Three things to note:

  • XMATCH(radius_arcsec => 1.0) is the only non-standard syntax. It asks for spherical matching at 1 arcsec.
  • XMATCH_DISTANCE(t) exposes the match distance in arcsec; use it in SELECT, WHERE, ORDER BY — wherever.
  • workers=4 runs four partitions in parallel. Bump it on bigger boxes.

5. Save the result

To get a parquet file (single file, not a partitioned catalog):

r.write_parquet("crossmatch.parquet", layout="single")
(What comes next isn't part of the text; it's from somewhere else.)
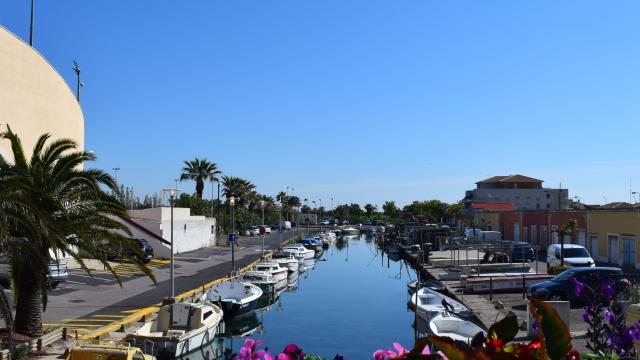 2 Canal Fleurs@otpalavas Loriane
Or write a full HATS catalog you can hand to LSDB:

acid.run(
    "SELECT g.source_id, t.designation FROM gaia AS g "
    "JOIN two_mass AS t ON XMATCH(radius_arcsec => 1.0)",
    catalogs="./data/",
    output="./out/gaia_x_2mass/",
    workers=4,
)

Then open it back up:

import hats
cat = hats.read_hats("./out/gaia_x_2mass/")

Where to next?

You've already seen the core API: acid.sql(query, catalogs=..., workers=...). Three good directions:

  • Your first crossmatch — a notebook that turns the example above into a small science story with plots.
  • Writing queries — the full SQL dialect: what joins, aggregates, and predicates acid supports.
  • Concepts — what HATS, HEALPix, margin caches, and MOCs are, and why they matter.

Want it faster?

r.df() returns a pandas DataFrame because that's what most astronomers reach for. For anything heavier than .head() on multi-million-row results — group-by, filtering, joins — r.to_polars() is typically 5–50× faster than pandas and just as easy to read. You can always come back with polars_df.to_pandas().